LVR-Koordinationsstelle Kinderarmut etabliert Online-Dialogformat "Über Armut sprechen"

Mit dem neuen Online-Dialogformat „Über Armut sprechen“ will die LVR-Koordinationsstelle Kinderarmut Raum für einen offenen, praxisnahen Austausch schaffen. Bei der nunmehr siebten Veranstaltung wurde ein Themenwunsch der Fachkräfte aufgegriffen: „Mobbing von armutsbetroffenen Kindern und Jugendlichen“.

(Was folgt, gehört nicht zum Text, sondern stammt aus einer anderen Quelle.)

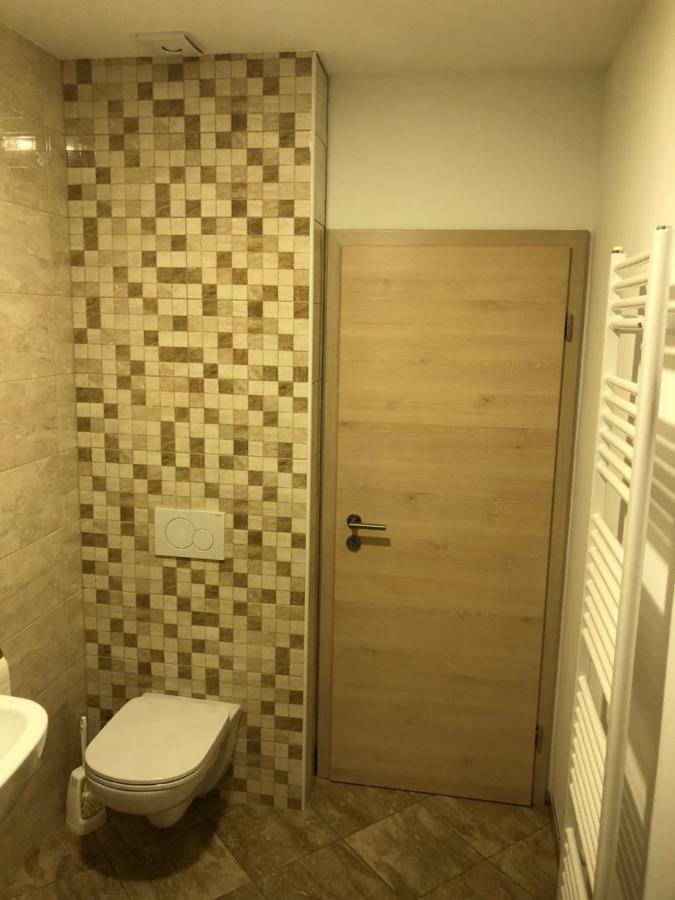 Apartma Linhartov Trg رادوفيتْسا المظهر الخارجي الصورة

Von Natalie Deissler-Hesse, LVR-Landesjugendamt

"Henry trägt seit einer Woche dasselbe Shirt!!!", steht in Großbuchstaben und mit Dislike-Emojis im Klassenchat. Dass die finanziellen und persönlichen Ressourcen der Familie derzeit stark begrenzt sind und Kleidungsfragen die geringsten Sorgen der Familie sind, weiß keiner. Doch erfahren Fachkräfte überhaupt von Mobbing gegen Kinder und Jugendliche im physischen oder virtuellen Raum? Wenn ja, wie gehen sie damit um? Und welchen Zusammenhang gibt es zwischen Armut und Diskriminierung?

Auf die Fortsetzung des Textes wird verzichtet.